Showing posts with label venezuelans. Show all posts
Showing posts with label venezuelans. Show all posts

Thursday, April 12, 2018

Counting the Venezuelans

Venezuelans wait in La Candelaria to register with a government office.
By some estimates, more than a million Venezuelans have fled into Colombia over the past several
years, fleeing their own nation's hyperinflation, sinking economy, soaring crime rates and empty stores and pharmacies.

Colombia has been remarkably accepting, perhaps because in past decades Venezuela received innumerable Colombians fleeing the violence here, and because many of the Venezuelans crossing the border are children or grandchildren of Colombians who fled into Venezuela.

Now, Colombia wants the Venezuelan immigrants to formulize their status here by registering.

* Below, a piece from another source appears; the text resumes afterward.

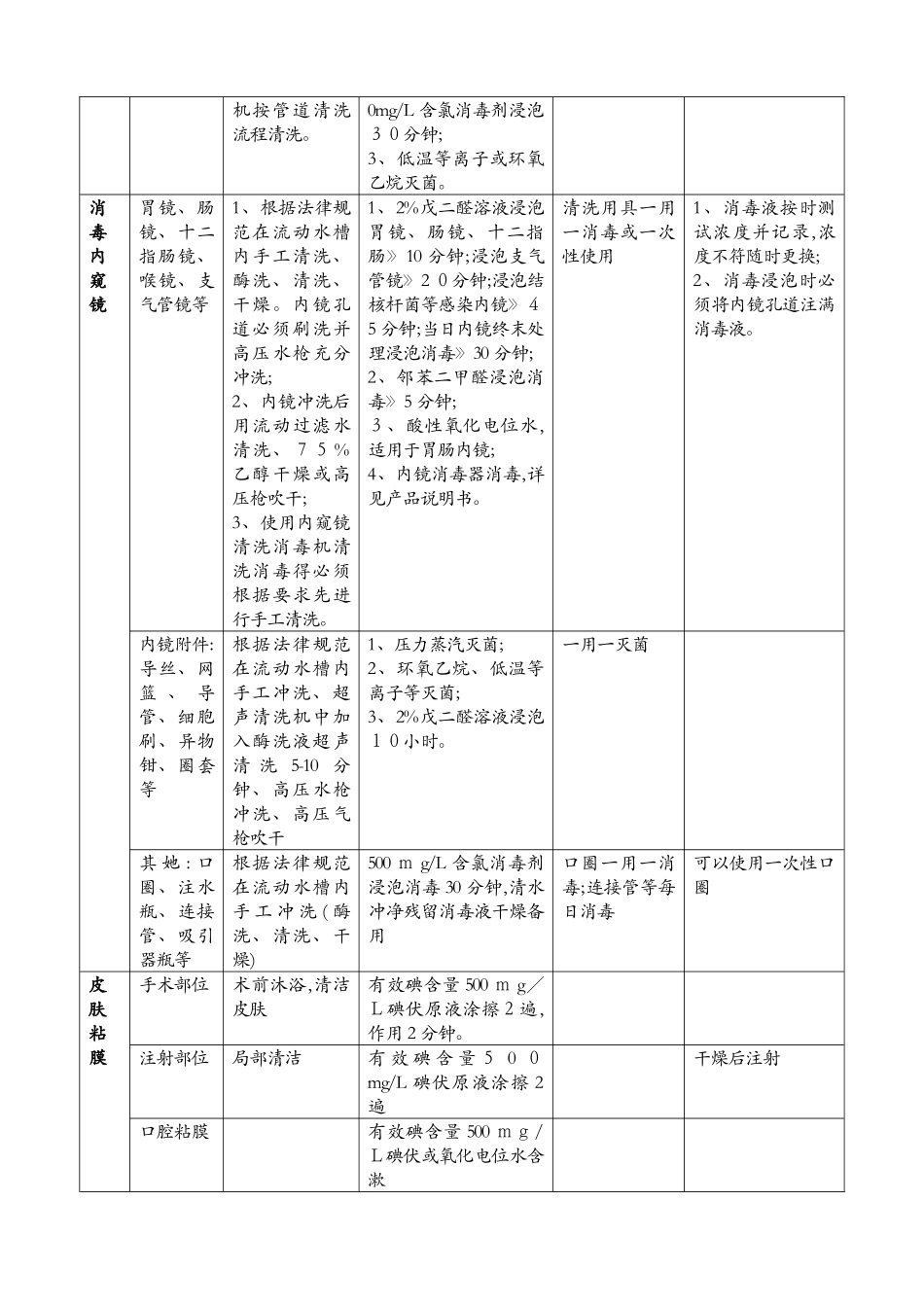 医院常用物品消毒灭菌方法_第3页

A money-transfer place in Bogotá's red light district

Waiting to transfer money to Venezuela.
Remarkably, there's been little public resentment against the Venezuelans, except for some concern about crime and grumbling by low-income workers and prostitutes that the Venezuelans are taking away jobs. But fortunately so far in the congressional and presidential campaigns, no populist candidate has seized on the Venezuelans to get votes.

By Mike Ceaser, of Bogotá Bike Tours

Thursday, October 12, 2017

The Venezuelans are Coming, and Coming

Two young men from Venezuela sell arepas on Plaza San Victorino recently.
The two employees in a stir fry place here in La Candelaria came recently from Venezuela, where one was an attorney and the other had some small businesses. A street musician whom I knew more than a dozen years ago in Caracas just showed up in La Candelaria. The other night, I was accosted by two young Venezuelan women selling arepas venezolanas. Apparently desperate, one of them placed her hand fondly on my shoulder just a few minutes after we'd met.

A Venezuelan man and boy ask for money - supposedly for
other Venezuelans - near Bogotá's Plaza Bolivar.
Colombia, which for decades sent millions of its people overseas, is now being inundated by immigrants from oil-rich Venezuela - which until not long ago was the economic envy of the rest of the continent.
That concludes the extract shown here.